Светоний (ок. 69 года – первая половина II века н. э.) писал об “иудейском налоге”, который все иудеи Римской империи обязаны были платить после подавления Великого восстания. В Жизнеописаниях Цезарей (Домитиан, 12, 2) он пишет: “С особой суровостью по сравнению со всеми другими взыскивался иудейский налог: им облагались и те, кто не сознавался, что живет жизнью иудеев, и те, кто скрывал свое происхождение и не платил наложенной на это племя дани”. Скорее всего, во втором случае Светоний имел в виду евреев по рождению, а в первом – “боящихся Б-га” или прозелитов, принявших иудейский образ жизни. Другими словами, явление прозелитизма было настолько распространено, что им занималось налоговое управление.
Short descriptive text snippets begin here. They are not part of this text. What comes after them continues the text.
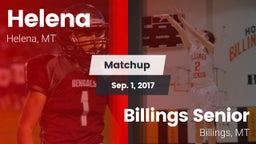 Matchup: Helena  vs. Billings Senior  2017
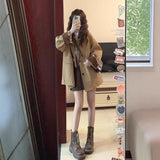Qaqi Color Long Wind Coat Woman 2025 New Look This Year's Popular Small Han
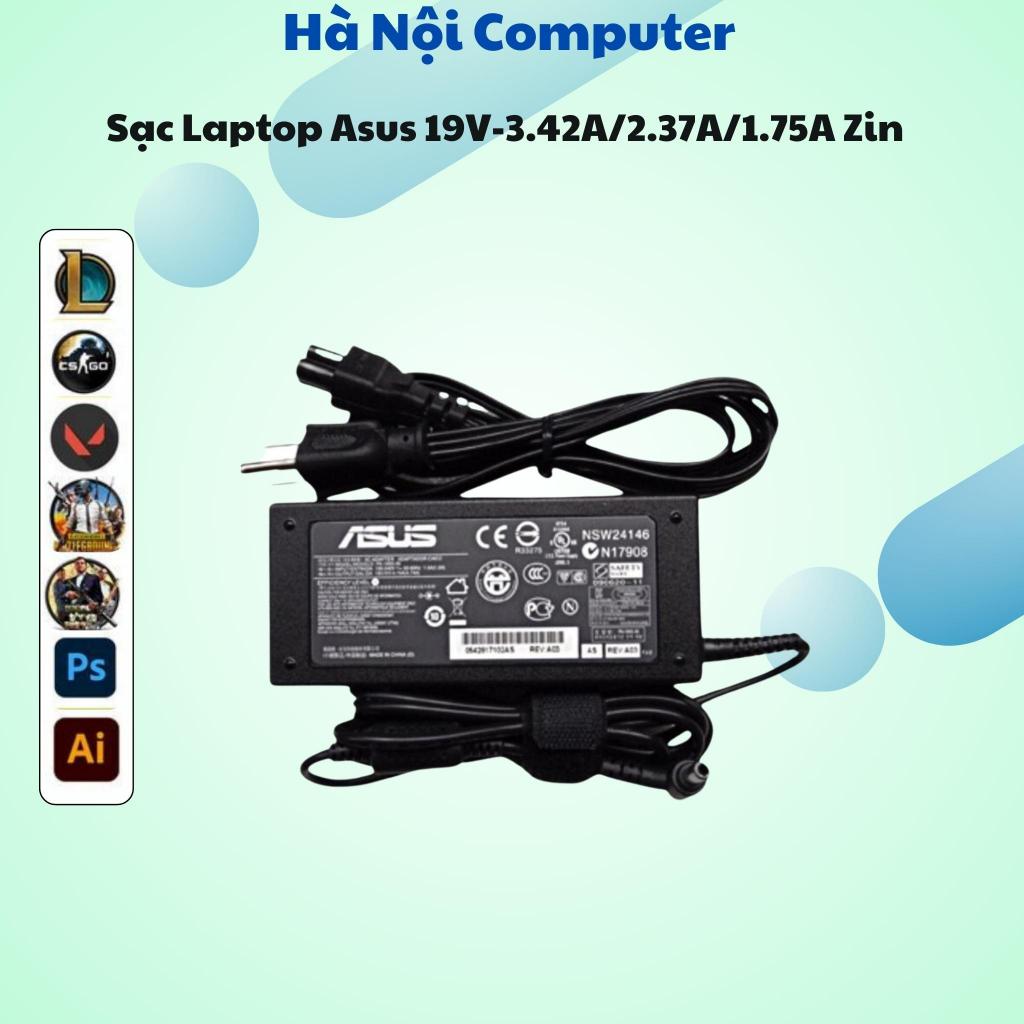 Sạc Laptop Asus 19V-3.42A/2.37A/1.75A Loại Tốt cao cấp chính hãng, Adapter asus chân to/nhỏ hàng nhập khẩu - ATK03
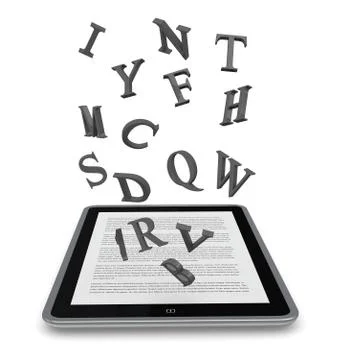 Concept of ebook Stock Illustration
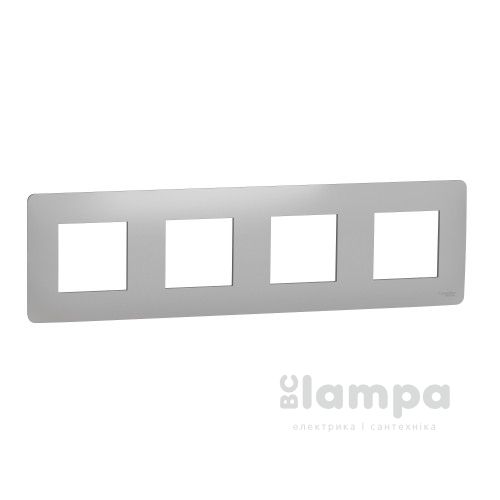SCHNEIDER UNICA New алюміній рамка 4 - на (NU200830)
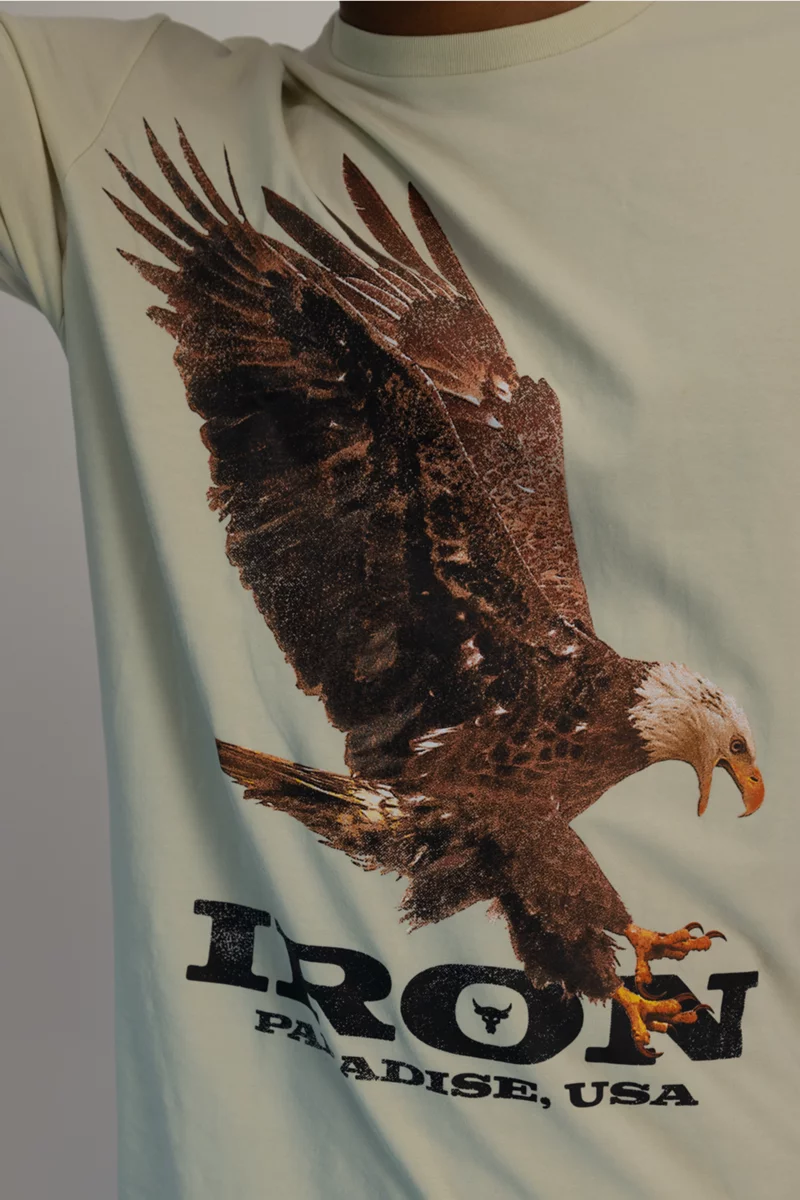 Under Armour Project Rock Eagle Graphic Herren T-Shirt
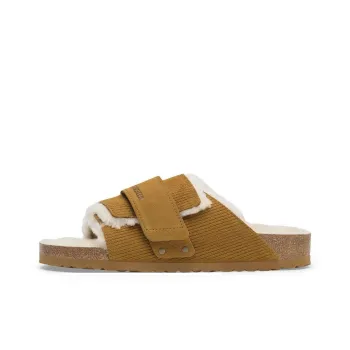 Birkenstock Abrasion Resistant Slide Slippers Unisex Cork Brown Narrow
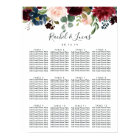 Radiant Bloom Wedding Seating Chart
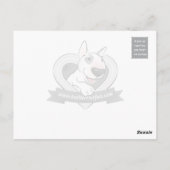 Bull Terrier vermist een dierbare persoon Briefkaart (Achterkant)
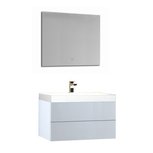 Wastafelmeubelset wit 80x56 inclusief wastafel en led spiegel - BU-0801 Brugge Wastafelmeubelset wit 80x56 inclusief wastafel en led spiegel - BU-0801 Brugge
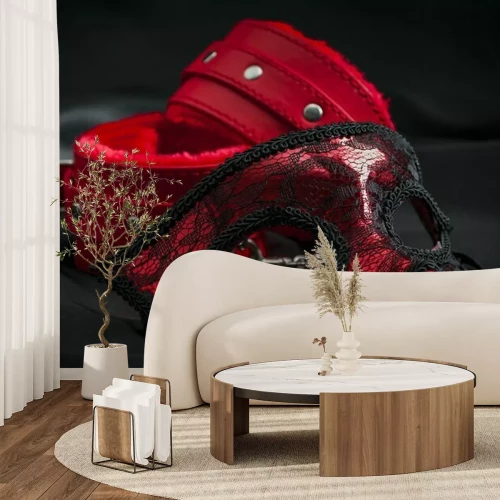 Papier peint  Masques érotiques et menottes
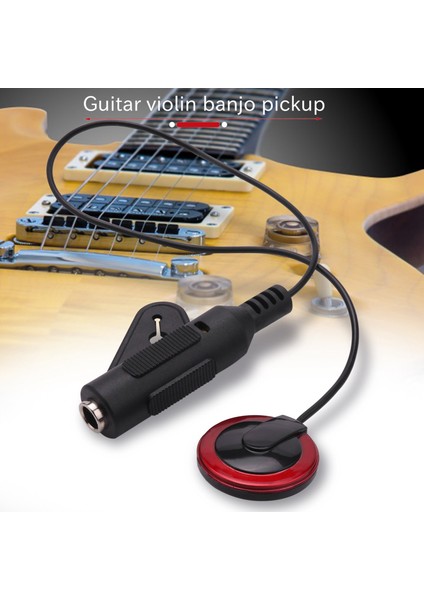 2pcs Piezo Gitar Violin Banjo Mandolin Ukulele Için Mikrofon Mikrofon Pikap (Yurt Dışından) indirimleri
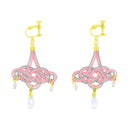 Traditional Mizuhiki Earrings - Chandelier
Впрочем, существует точка зрения, в соответствии с которой популярность иудаизма в греко-римском мире и значительное число прозелитов среди язычников никак не свидетельствуют о том, что иудеи вели направленную миссионерскую пропаганду. Вполне возможно, что язычники сами по себе заинтересовались иудаизмом, привлеченные свойственными ему этическими идеалами, аскетизмом, сплоченностью верующих, возвышенными представлениями о божестве, философским служением, отправляемым в синагогах диаспоры и т. д. Однако этот подход игнорирует неоспоримые свидетельства иудео-эллинистических авторов, открыто заявлявших, что они обращаются с проповедью иудаизма к язычникам.
В свете миссионерской направленности большей части еврейской литературы рассматриваемого периода и изобилия свидетельств о язычниках, принявших иудаизм, вполне оправданным является утверждение, что иудаизм эпохи Второго храма был религией миссионерской – и притом весьма успешной.